--- INFORMATION Enclosed Below ---
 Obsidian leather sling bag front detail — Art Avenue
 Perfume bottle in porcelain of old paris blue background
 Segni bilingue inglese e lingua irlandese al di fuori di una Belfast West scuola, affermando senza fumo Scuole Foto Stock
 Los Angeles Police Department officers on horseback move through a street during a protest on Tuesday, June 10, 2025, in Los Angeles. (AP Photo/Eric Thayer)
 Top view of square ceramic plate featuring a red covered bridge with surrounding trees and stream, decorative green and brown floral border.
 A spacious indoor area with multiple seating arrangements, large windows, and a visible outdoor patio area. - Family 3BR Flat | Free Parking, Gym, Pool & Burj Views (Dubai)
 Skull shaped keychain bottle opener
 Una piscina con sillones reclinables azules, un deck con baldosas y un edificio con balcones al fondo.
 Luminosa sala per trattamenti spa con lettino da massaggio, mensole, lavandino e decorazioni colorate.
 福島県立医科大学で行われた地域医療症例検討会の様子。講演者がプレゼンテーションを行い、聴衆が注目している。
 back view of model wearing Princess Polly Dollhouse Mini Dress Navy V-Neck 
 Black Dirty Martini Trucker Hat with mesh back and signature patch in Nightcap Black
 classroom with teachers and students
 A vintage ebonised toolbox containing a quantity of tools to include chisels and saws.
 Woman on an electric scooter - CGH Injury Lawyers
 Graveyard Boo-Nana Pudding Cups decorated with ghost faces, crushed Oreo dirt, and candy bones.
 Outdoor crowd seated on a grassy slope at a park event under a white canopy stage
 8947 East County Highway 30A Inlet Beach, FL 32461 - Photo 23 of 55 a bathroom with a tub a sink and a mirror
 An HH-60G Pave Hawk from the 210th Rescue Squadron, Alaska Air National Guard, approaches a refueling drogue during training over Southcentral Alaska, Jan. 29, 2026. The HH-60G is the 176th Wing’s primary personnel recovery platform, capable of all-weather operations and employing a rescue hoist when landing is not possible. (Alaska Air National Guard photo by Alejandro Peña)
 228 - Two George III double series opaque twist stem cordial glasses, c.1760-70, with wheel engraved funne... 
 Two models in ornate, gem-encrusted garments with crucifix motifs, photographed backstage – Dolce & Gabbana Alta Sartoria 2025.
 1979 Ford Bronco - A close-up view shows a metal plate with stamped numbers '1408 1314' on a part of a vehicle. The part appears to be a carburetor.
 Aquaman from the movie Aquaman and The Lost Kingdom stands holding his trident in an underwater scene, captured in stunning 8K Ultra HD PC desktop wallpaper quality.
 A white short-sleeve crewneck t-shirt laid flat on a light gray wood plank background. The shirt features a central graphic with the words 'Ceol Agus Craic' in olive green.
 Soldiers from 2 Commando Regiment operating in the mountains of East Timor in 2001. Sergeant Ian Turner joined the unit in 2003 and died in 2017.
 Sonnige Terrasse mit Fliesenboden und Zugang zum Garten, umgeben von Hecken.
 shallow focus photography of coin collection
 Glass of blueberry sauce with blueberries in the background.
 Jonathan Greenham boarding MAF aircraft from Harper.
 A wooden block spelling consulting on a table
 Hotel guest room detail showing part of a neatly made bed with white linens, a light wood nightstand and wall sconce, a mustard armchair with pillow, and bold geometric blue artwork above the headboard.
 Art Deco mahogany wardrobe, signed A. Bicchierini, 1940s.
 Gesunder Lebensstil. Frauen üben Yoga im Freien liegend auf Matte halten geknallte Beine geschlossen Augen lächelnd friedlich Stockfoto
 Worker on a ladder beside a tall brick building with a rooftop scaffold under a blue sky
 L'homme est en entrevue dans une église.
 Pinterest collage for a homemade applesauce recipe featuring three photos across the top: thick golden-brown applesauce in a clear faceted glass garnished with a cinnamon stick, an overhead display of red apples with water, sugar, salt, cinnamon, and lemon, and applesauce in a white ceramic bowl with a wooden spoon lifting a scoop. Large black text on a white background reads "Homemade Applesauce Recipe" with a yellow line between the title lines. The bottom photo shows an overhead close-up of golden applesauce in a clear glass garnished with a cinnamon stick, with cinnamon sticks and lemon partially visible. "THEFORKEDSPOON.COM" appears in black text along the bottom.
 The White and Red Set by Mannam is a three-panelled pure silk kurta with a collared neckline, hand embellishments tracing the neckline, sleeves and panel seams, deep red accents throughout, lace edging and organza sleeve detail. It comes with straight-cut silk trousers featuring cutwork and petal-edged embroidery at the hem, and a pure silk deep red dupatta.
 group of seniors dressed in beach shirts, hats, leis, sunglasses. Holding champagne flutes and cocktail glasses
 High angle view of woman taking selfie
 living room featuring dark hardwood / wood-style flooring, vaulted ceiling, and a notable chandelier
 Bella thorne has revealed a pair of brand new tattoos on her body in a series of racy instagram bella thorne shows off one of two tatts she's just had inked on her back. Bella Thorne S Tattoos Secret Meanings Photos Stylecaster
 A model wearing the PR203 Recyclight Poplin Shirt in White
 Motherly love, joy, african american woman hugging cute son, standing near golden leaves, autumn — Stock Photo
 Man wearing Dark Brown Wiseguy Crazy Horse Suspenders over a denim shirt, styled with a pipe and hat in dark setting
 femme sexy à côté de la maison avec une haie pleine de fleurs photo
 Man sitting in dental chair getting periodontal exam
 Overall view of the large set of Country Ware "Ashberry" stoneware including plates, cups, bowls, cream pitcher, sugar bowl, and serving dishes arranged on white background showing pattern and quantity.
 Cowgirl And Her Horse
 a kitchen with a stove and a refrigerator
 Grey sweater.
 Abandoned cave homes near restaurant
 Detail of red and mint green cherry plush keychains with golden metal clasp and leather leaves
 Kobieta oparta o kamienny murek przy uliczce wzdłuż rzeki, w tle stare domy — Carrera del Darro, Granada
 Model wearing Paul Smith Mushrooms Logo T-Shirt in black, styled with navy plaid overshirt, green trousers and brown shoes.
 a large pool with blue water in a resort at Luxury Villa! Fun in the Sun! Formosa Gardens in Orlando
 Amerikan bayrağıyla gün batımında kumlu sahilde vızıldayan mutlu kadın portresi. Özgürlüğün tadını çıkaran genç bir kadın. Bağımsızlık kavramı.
--- End of Enclosed INFORMATION ---
• ABOUT THIS TASK: Up to and including the line that holds "Outdoor crowd seated", reproduce the records above exactly from their first line, and give nothing else.

• TASK ANSWER:
 Obsidian leather sling bag front detail — Art Avenue
 Perfume bottle in porcelain of old paris blue background
 Segni bilingue inglese e lingua irlandese al di fuori di una Belfast West scuola, affermando senza fumo Scuole Foto Stock
 Los Angeles Police Department officers on horseback move through a street during a protest on Tuesday, June 10, 2025, in Los Angeles. (AP Photo/Eric Thayer)
 Top view of square ceramic plate featuring a red covered bridge with surrounding trees and stream, decorative green and brown floral border.
 A spacious indoor area with multiple seating arrangements, large windows, and a visible outdoor patio area. - Family 3BR Flat | Free Parking, Gym, Pool & Burj Views (Dubai)
 Skull shaped keychain bottle opener
 Una piscina con sillones reclinables azules, un deck con baldosas y un edificio con balcones al fondo.
 Luminosa sala per trattamenti spa con lettino da massaggio, mensole, lavandino e decorazioni colorate.
 福島県立医科大学で行われた地域医療症例検討会の様子。講演者がプレゼンテーションを行い、聴衆が注目している。
 back view of model wearing Princess Polly Dollhouse Mini Dress Navy V-Neck 
 Black Dirty Martini Trucker Hat with mesh back and signature patch in Nightcap Black
 classroom with teachers and students
 A vintage ebonised toolbox containing a quantity of tools to include chisels and saws.
 Woman on an electric scooter - CGH Injury Lawyers
 Graveyard Boo-Nana Pudding Cups decorated with ghost faces, crushed Oreo dirt, and candy bones.
 Outdoor crowd seated on a grassy slope at a park event under a white canopy stage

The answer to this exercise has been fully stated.